## TRY IT
Using the data that follows, say how many lines contain the word "Chart", giving the number by itself.

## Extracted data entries
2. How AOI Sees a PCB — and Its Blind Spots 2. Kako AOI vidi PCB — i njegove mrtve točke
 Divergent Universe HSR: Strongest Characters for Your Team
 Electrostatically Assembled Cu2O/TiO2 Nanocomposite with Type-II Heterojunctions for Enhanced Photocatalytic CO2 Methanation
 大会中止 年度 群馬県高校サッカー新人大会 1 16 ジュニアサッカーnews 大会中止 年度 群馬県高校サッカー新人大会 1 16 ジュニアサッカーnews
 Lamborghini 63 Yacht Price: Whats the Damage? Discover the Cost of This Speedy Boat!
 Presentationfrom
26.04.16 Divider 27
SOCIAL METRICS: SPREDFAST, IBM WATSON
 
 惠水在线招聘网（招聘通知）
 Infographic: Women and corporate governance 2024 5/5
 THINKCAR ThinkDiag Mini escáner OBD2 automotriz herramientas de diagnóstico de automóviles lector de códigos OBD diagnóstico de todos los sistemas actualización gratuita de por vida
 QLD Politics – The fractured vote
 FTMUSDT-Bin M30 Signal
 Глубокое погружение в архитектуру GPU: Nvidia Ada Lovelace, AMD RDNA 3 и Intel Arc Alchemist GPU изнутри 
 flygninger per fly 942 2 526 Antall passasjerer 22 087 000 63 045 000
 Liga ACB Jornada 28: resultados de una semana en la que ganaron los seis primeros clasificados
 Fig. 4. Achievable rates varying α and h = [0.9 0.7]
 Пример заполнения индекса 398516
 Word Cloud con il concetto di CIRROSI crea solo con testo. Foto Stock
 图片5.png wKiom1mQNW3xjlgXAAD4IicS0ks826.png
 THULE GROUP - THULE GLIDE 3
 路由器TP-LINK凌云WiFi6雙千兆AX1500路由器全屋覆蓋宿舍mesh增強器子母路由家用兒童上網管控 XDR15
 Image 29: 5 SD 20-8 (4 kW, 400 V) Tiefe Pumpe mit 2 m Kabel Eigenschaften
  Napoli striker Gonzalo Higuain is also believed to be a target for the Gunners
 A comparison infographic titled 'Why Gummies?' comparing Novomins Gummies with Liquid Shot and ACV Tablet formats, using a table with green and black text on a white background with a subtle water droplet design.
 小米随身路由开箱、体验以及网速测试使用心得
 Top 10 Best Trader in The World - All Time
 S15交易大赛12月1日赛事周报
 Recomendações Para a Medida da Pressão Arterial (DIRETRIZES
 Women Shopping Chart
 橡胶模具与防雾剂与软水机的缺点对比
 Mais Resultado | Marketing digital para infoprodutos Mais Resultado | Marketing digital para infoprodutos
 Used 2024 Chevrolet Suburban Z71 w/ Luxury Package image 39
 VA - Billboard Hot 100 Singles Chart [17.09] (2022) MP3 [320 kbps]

## SOLVED EXERCISE
2